Kepala kebun binatang tidak pernah menjawab pertanyaan ini. Hewan-hewan itu berebutan bicara, "Bagaimana pak kepala ini? Jangan-jangan nanti dimasukkannya juga macan dan ular kobra ke dalam kandang kita ini, demi demokrasi serigala."

Melalui mesin waktu, lewat terowongan dengan angin taifun berputar tiba-tiba kita sampai di gedung DPR-MPR. Anak-anak tukang koran menjual harian sore tahun 2001. Sebuah jumpa pers sedang berlangsung, dipimpin Kepala Humas.

--- Saudara pimpinan. Kenapa Partai Nazi, yang dilarang di Jerman, di negara demokratis itu, dibolehkan dibentuk di dalam DPR kita?

--- Begini, bung. Sesudah Tap XXV / 1966 dicabut, maka betul-betul kita sepenuhnya melaksanakan demokrasi. Kita paling demokratis di dunia. Republik Federasi Jerman itu, katanya saja demokratis, tapi toh di sana ideologi Nazi dilarang. Aneh itu. Padahal Nazi itu cuma membunuh 6 juta orang Yahudi saja di masa perang dunia II. Ideologi komunisme, yang membunuh 100 juta orang sedunia saja, kita izinkan hidup kembali partainya di Indonesia, apalagi ideologi Nazi.

--- Saudara pimpinan. Kenapa Partai Fasis Mussolini yang tak boleh hidup di Itali itu, dibolehkan berdiri di Indonesia?

--- Begini, bung. Kita demokrat tulen di atas jagat raya ini. Itali itu katanya saja demokratis, tapi fasisme kok tabu di sana. Kita tunjukkan pada mereka, bahwa rezim ini betul-betul 100 persen demokratis. Bukan saja Partai Fasis, tapi juga Partai Homo dan Partai Lesbo sudah berdiri sekarang.

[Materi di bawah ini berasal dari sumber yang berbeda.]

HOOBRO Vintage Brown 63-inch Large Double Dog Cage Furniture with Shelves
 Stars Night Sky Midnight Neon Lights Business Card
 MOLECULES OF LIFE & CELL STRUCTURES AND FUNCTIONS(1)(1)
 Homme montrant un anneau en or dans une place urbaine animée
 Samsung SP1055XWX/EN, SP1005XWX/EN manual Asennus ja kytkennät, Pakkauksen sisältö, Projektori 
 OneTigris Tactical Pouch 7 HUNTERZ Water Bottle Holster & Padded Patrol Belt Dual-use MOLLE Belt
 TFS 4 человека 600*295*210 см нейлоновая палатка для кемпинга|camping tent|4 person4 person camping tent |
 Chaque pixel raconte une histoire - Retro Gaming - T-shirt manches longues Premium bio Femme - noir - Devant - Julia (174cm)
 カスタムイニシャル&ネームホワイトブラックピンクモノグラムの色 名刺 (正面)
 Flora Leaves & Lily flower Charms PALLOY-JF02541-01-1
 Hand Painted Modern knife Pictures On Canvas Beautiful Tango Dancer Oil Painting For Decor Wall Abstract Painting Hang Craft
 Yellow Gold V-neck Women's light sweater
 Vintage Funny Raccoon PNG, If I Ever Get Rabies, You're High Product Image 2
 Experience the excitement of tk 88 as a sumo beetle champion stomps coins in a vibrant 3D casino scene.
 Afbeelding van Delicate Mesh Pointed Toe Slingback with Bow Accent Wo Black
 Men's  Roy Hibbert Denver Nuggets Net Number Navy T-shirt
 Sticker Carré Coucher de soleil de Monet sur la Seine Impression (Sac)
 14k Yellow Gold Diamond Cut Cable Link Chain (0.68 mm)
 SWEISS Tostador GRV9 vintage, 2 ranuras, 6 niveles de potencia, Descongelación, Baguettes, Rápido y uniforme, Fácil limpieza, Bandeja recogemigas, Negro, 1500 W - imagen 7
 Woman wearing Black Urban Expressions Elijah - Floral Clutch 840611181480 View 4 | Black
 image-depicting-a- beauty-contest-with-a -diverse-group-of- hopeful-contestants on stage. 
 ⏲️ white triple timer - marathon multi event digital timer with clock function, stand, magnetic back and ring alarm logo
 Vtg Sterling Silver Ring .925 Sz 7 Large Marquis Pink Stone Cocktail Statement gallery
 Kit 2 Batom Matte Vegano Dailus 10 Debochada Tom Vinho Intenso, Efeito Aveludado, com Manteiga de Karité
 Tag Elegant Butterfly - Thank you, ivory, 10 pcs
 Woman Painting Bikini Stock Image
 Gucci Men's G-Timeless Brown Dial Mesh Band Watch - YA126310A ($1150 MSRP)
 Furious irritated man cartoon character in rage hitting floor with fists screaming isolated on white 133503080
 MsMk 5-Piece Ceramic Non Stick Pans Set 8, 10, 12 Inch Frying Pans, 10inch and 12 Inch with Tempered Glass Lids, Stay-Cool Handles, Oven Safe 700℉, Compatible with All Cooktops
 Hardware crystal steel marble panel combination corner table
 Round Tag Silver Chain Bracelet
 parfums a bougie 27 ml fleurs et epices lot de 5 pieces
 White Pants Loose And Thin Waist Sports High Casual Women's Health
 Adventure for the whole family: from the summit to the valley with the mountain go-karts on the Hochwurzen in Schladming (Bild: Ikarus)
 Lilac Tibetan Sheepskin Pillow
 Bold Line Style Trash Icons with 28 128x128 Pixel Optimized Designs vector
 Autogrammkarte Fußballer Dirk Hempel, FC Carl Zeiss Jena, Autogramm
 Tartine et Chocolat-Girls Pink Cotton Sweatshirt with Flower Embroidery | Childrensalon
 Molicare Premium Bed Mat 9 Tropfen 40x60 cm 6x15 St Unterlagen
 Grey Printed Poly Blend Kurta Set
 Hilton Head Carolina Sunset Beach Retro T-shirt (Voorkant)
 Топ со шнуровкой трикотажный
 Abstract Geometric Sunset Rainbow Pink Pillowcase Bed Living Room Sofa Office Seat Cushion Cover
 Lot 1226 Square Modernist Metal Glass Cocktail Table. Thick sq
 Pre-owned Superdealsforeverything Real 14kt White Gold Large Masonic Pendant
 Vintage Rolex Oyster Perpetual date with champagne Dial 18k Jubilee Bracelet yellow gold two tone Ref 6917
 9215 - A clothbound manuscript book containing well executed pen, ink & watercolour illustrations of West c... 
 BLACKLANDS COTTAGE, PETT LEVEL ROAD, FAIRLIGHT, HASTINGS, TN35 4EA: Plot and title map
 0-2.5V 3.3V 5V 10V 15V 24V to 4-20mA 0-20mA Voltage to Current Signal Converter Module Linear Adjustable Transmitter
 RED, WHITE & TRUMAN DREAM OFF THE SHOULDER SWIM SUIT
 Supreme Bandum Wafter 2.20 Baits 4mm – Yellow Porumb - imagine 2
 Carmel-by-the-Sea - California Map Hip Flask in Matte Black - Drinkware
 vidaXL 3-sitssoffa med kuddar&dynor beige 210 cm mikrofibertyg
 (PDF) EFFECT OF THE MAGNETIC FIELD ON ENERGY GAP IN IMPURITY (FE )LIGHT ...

--- Saudara pimpinan. Apakah benar ada penyuapan anggota MPR, praktek money politics, yang memberi suara mencabut Tap XXV dalam sidang yang lalu, sebanyak lima trilyun, yang diduga datang dari negara kaya yang ingin melihat negara kita tercabik-cabik?

--- Tidak betul itu. Jumpa pers selesai.

Di kebun binatang, ternyata bukan cuma serigala yang masuk kandang, tapi juga macan dan ular kobra. Demokrasi serigala tegak di kebun binatang itu.***

(Gatra, Mei 2000)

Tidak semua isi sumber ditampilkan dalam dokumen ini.